Manage high availability

Select a documentation version:

Manage high availability for your AlloyDB Omni clusters to add resilience to outages and failures through automated failovers and recovery mechanisms.

Limitations

  • Standby nodes can't be used as readable replicas.

  • Even if the dataplane is healthy, if the AlloyDB Omni cluster manager is down for more than 90 seconds by default, an automatic failover occurs. This duration can be configured in Configure high availability specifications using the HEALTHCHECK_PERIOD and AUTOFAILOVER_TRIGGER_THRESHOLD variables.

Configure high availability specification

To configure high availability, fill out the following information in your DBCluster specification:

DBCluster:
  metadata:
    ...
  spec:
    ...
    availability:
      numberOfStandbys: NUMBER_OF_STANDBYS
      enableAutoFailover: true
      enableAutoHeal: true
      replayReplicationSlotsOnStandbys: false
      healthcheckPeriodSeconds: HEALTHCHECK_PERIOD
      autoFailoverTriggerThreshold: AUTOFAILOVER_TRIGGER_THRESHOLD
      autoHealTriggerThreshold: AUTOHEAL_TRIGGER_THRESHOLD

Replace the following variables:

  • NUMBER_OF_STANDBYS: number of standby nodes to set up. Setting this value to 0 disables high availability. The maximum value is 5. If you're not sure how many standby nodes you need, start with 2 for high resiliency.

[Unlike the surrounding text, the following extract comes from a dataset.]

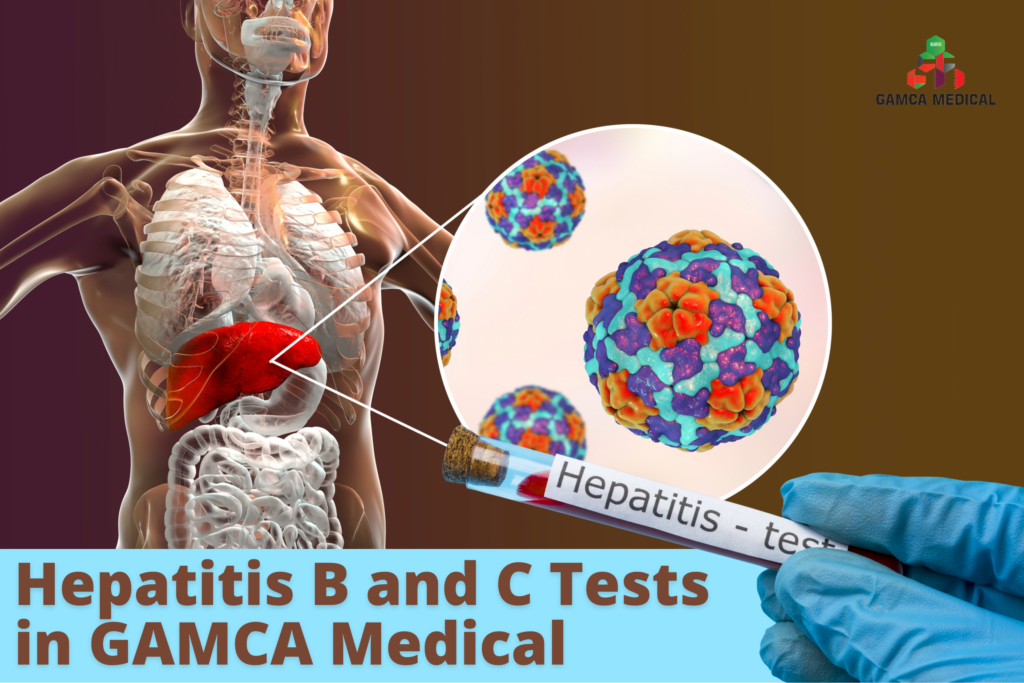 Hepatitis B and C Tests in GAMCA Medical – updated Complete Guide
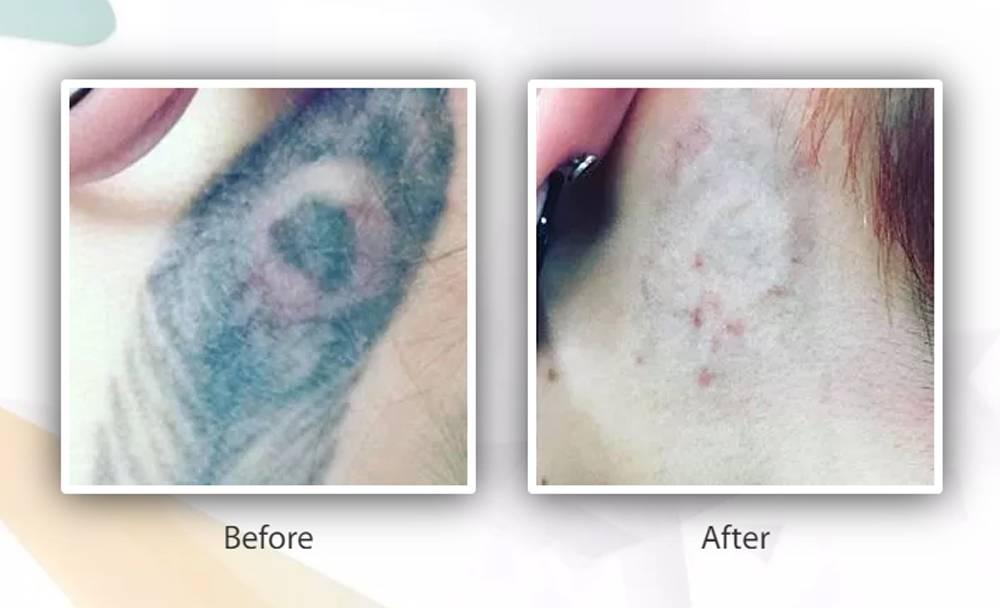 Tattoo Removal before and after Pictures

  • (Optional) HEALTHCHECK_PERIOD: number of seconds to wait between each health check. The default value is 30. The minimum value is 1. The maximum value is 86400 (one day).

  • (Optional) AUTOFAILOVER_TRIGGER_THRESHOLD: number of times the health check can fail before a failover occurs. The default value is 3. The minimum value is 0, but if the value is set to 0, AlloyDB Omni uses the default value.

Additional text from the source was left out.